Nitrokey Pro: PIV, X.509 certs and browser-based cert installation

Hi, guys! I am here to understand the capabilities and limitations of Nitrokey Pro for digital certificates (X.509). I don’t care about OpenPGP for now.

I am brazilian and the gov established some time ago his own CA hierarchy and legislation. Its name’s ICP-Brasil. I own a digital cert after doing a ‘face-to-face’ validation process. And the certificate was generated (or installed) directly inside a smart card by means of a browser. My cert is signed with a CA who is also signed with the top CA. And that ICP-Brasil cert can do (key + extended key usage):

Signing
Non-repudiation
Key Encipherment
TLS Web Client Authentication (1.3.6.1.5.5.7.3.2)
E-mail protection (1.3.6.1.5.5.7.3.4)
Microsoft Smart Card Logon (1.3.6.1.4.1.311.20.2.2)

I also read about Yubikey PIV-compliant capabilities but, as I understood, PIV specifies 4 slots (authentication, digital signature, key management, card authentication). Each slot is a digital cert and it does not match ICP-Brasil design. Probably other systems also.

So my main question is: Can I use Nitrokey Pro with normal X.509 digital certificates from ICP-Brasil? And from FAQ “How many keys can I store?”: “The Nitrokey Pro, Nitrokey Start and Nitrokey Storage can store three RSA key pairs. All keys use the same identity but are used for different purposes: authentication, encryption and signing.” What does it mean? Does It work like PIV? I am lost. And the last. I see a lot of tutorial showing how to import a full X.509 cert (pub+priv) by cmd line. But is it possible to use the normal way (in Brazil), i.e., IExx as a bridge from CA issuer site and the smart card? So NO X.509 (PKCS 12) file are generated ever.

I think it is enough. Cheers.

Júlio

There should be no problem. The Nitrokey does not care about the CA hierarchy just about the certificate and the private key.

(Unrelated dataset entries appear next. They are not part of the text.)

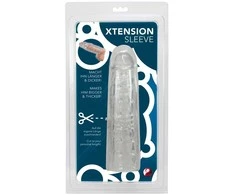 You2Toys XTension Sleeve skaidri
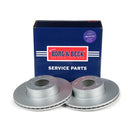Borg & Beck Brake Disc Pair Part No -BBD4782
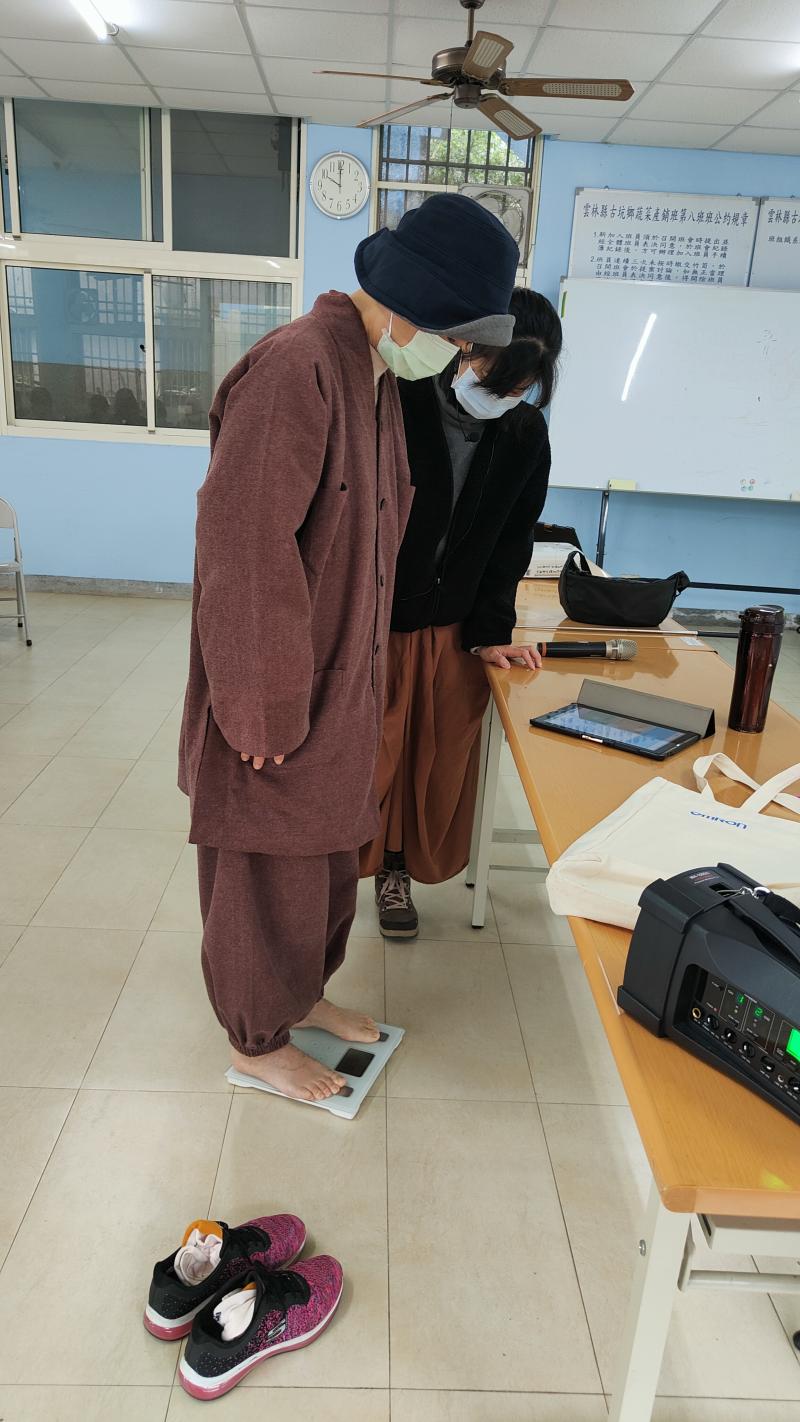 測量中....體重有沒有飄升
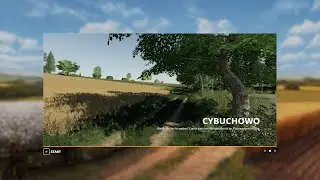 FS19 Cybuchowo Map Fly Thru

That has nothing to do with PIV.

OpenPGP has flags in its certificates which determine what a key is allowed to be used for. That is similar to the X.509 flags you mentioned (but simpler):

Signing
Non-repudiation
Key Encipherment
TLS Web Client Authentication (1.3.6.1.5.5.7.3.2)
E-mail protection (1.3.6.1.5.5.7.3.4)
Microsoft Smart Card Logon (1.3.6.1.4.1.311.20.2.2)

If IE uses PKCS#11 for accessing your smartcard then that should work the Nitrokey, too.

Internet Explorer doesn’t use PKCS#11 but Windows’ own certificate store. You would need a Windows Minidriver such as [1]. Alternatively OpenSC [2] contains a Minidriver too.